Website: Winkler Video Art
Plotter Art in the 1970’s
Will Anielewicz’s fervor for computers started in high school. Luckily, the neighborhood high school was the only one in Canada with a mainframe computer. It was love at first sight. Will volunteered to be the maintenance crew for the room sized IBM. After high school, in 1970 he enrolled in a 4-year computer science program at York University, then moved on to but didn’t complete a master’s program combining computer science, fine arts, and philosophy. Will Embraced a hippie lifestyle, played guitar and experimented with psychedelic drugs. One of the university vice presidents hired him as a statistician providing analysis of faculty salary expenditures. One task was to generate graphics to display statistics using an in-house multi-pen high precision large format plotter. The plotter was very programmable. His propensity for writing original music awoke an urge to create art with computers. Will’s lifelong adventure with CGI started with plotter art.
SIGGRAPH History Archive: Will Anielewicz
Personal Website: Anielewicz.com
Bonnie Mitchell is an artist, animator and Professor at Bowling Green State University in Digital Arts, in Ohio, USA. Her creative work includes experimental visual music animation, animated interactive installation art, environmental data visualization art, net-art, and new media art archive development. Mitchell’s works have been screened or shown at numerous festivals, conferences and exhibitions around the world including Ars Electronica, ISEA, SIGGRAPH, Computer Music Association, Visual Music Marathon, Cinémathèque Québécoise and many more. She is also the co-director of the SIGGRAPH History and ISEA Symposium Archives.

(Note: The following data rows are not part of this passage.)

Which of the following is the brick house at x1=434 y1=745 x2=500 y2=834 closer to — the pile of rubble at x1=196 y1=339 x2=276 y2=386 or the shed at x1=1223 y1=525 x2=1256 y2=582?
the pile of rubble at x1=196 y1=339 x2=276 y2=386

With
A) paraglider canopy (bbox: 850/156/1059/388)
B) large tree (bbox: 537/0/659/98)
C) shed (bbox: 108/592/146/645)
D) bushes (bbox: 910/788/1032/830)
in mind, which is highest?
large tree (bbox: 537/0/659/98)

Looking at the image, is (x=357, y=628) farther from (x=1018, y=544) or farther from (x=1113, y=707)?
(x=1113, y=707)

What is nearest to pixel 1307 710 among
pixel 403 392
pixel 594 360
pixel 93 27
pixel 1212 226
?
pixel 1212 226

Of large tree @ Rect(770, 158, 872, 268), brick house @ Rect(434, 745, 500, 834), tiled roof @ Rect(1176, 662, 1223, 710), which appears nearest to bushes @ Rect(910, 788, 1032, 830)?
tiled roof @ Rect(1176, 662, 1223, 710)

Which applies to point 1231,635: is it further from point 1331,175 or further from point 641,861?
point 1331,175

Ed Kramer is the current Chair of the SIGGRAPH Pioneers, and is an Associate Professor of Game Art and Animation at the Rocky Mountain College of Art + Design in Denver Colorado. Before teaching, Ed spent 35 years doing CGI production work in television and feature films. His work includes the Columbia Pictures “Lady with a Torch” logo, and supervising the scarab beetle shots for The Mummy and the Rock Monster shots for Galaxy Quest at Industrial Light & Magic, where he was a Senior Technical Director from 1994 through 2006.
This event is co-sponsored by the ACM SIGGRAPH Digital Arts Community and the ACM SIGGRAPH Pioneers.